Diante disso, o cordel configura-se aqui como objeto de estudo para desenvolver a
afirmação da identidade nordestina e brasileira, a partir do desenvolvimento de uma prática
pedagógica que trabalhe o gênero em sala de aula, direcionada para os leitores/alunos da
Educação Básica, no Ensino Fundamental II. Espera-se, assim, que os alunos conheçam o cordel
como instrumento de propagação da diversidade cultural, articulado de forma crítica com outras
manifestações artísticas, como indica a BNCC: o aluno deve “analisar os efeitos de sentido
decorrentes do uso de mecanismos de intertextualidade (referências, alusões, retomadas) entre os
textos literários [...] e outras manifestações artísticas (cinema, teatro, artes visuais e midiáticas,
música)” (BRASIL, 2018, p.56).
A base teórica deste trabalho está alicerçada nos estudos do folclorista Luís da Câmara
Cascudo (2006) sobre a literatura oral/escrita e a cultura; o conceito sobre letramento literário e
as sequências didáticas básica e expandida de Rildo Cosson (2006; 2018); a concepção de leitura
literária de Teresa Colomer (2003; 2007); as pesquisas de viés histórico do cordel, com Marco
Haurélio (2012; 2013; 2016); a literatura popular de Arievaldo Viana (2010); e os estudos de
Jorge de Souza Araújo (2015) e Edilene Matos (2000) sobre Minelvino Francisco Silva e sua
obra, este o autor privilegiado para estudo.
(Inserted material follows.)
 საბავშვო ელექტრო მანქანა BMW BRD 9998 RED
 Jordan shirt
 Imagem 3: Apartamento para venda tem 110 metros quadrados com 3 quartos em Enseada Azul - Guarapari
Deve-se salientar que, além desses últimos
pesquisadores citados, que entrevistaram o autor para a construção da biografia, mais nenhuma
referência foi encontrada sobre o cordelista itabunense, o que torna ainda mais justificável a
retomada dessa memória cultural para os/as estudantes contemporâneos/as.
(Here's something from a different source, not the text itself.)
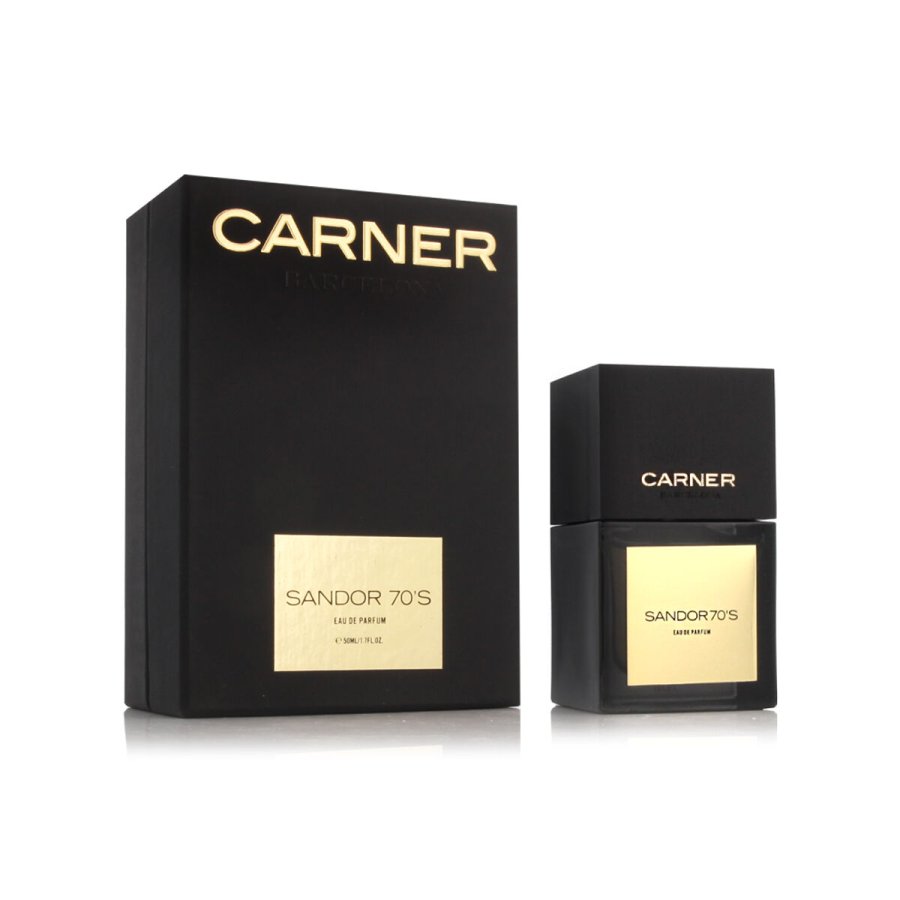 Unisex parfume Carner Barcelona EDP Sandor 70'S 50 ml #1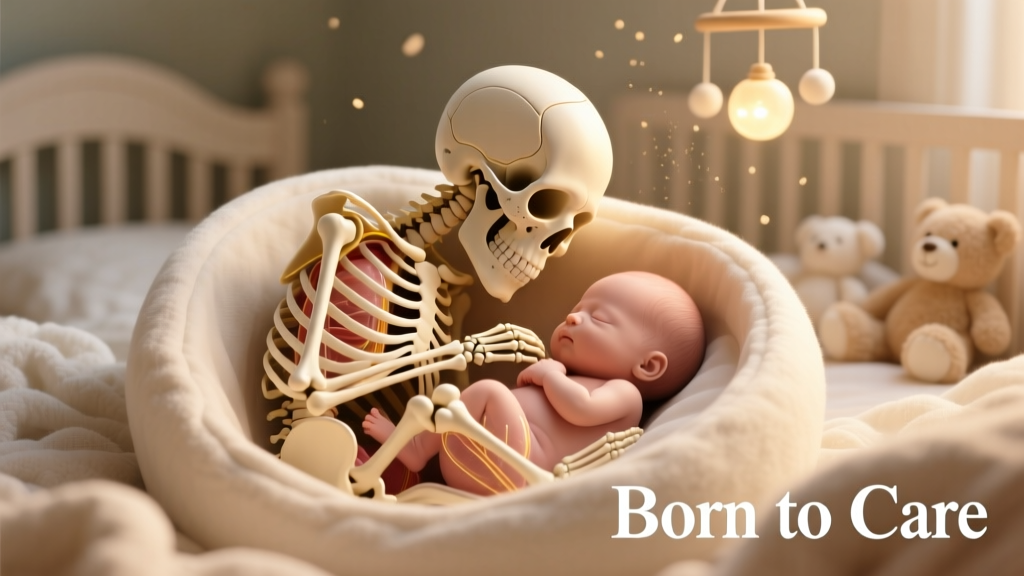 The Human Skeletal System: Structure, Function, and Lifelong Development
Além disso, deve-se considerar que os folhetos, além de se configurarem como fonte de
informação, diversão e divulgação cultural, são referências potencialmente criativas para a
adaptação ou releitura em outras mídias/suportes, como atestam as recentes produções de
telenovela em horário nobre, como O Cordel Encantado (2011), e o filme, produzido em 2011,
com base nas histórias existentes no cordel, O Auto da Compadecida (1974), do autor,
escritor, dramaturgo e poeta paraibano Ariano Suassuna. Vale salientar que, quando Suassuna
era questionado sobre a originalidade de suas obras, dizia que buscava inspiração na
universalidade dos assuntos “multisseculares”, os chamados eruditos (clássicos) como na
Ilíada, de Homero, entre outros, pautados na cultura oral. E, ainda, importa compreender
que as culturas se entrecruzem, por isso “a fronteira entre as várias culturas do povo e as das
elites (e estas eram tão variadas quanto aquelas) é vaga e por isso a atenção dos estudiosos
do assunto deveria concentrar-se na interação e não na divisão entre elas [...]” (PETER
BURKE, 1998, p. 16-17). Cabe destacar, também, que, para Suassuna (2005), o cordel é um
representante autêntico da arte popular brasileira, exercendo a mesma função e relevância de
obras canônicas.
Assim, com tais pressupostos, apresenta-se, neste texto, uma proposta de atividade didática
para o trabalho com cordel na sala de aula de turmas do Ensino Fundamental II (em qualquer série,
observando-se as particularidades de cada etapa dos/as estudantes) a partir de uma sequência
básica para o letramento literário (COSSON, 2006), enfocando-se temas da obra do cordelista
itabunense Minelvino Francisco Silva que possam interessar mais diretamente aos/às alunos/as,
como, neste caso, os diferentes falares e saberes regionais. Entende-se que, desse modo, propicia-
se a identificação da obra com os/as discentes, pois de acordo com a Base Nacional Comum
Curricular, uma das competências almejada na disciplina de Língua Portuguesa consiste em
compreender “as linguagens como construção humana, histórica, social e cultural, de natureza
dinâmica, reconhecendo-as e valorizando-as como formas de significação da realidade e expressão
de subjetividades e identidades sociais e culturais” (BRASIL, 2015, p.65).
METODOLOGIA
RESULTADO E DISCUSSÕES
Visando estimular a leitura, a escrita, bem como a criatividade dos alunos para serem
potenciais leitores e autores desse gênero, apresenta-se uma sequência didática como
resultado/produto da pesquisa realizada a partir da metodologia explicitada. Por meio das
atividades propostas, estima-se reforçar o reconhecimento identitário, histórico e cultural dos/as
discentes em relação a sua realidade regional através dos folhetos de Minelvino Francisco Silva,
o “trovador apóstolo”, como ficou conhecido.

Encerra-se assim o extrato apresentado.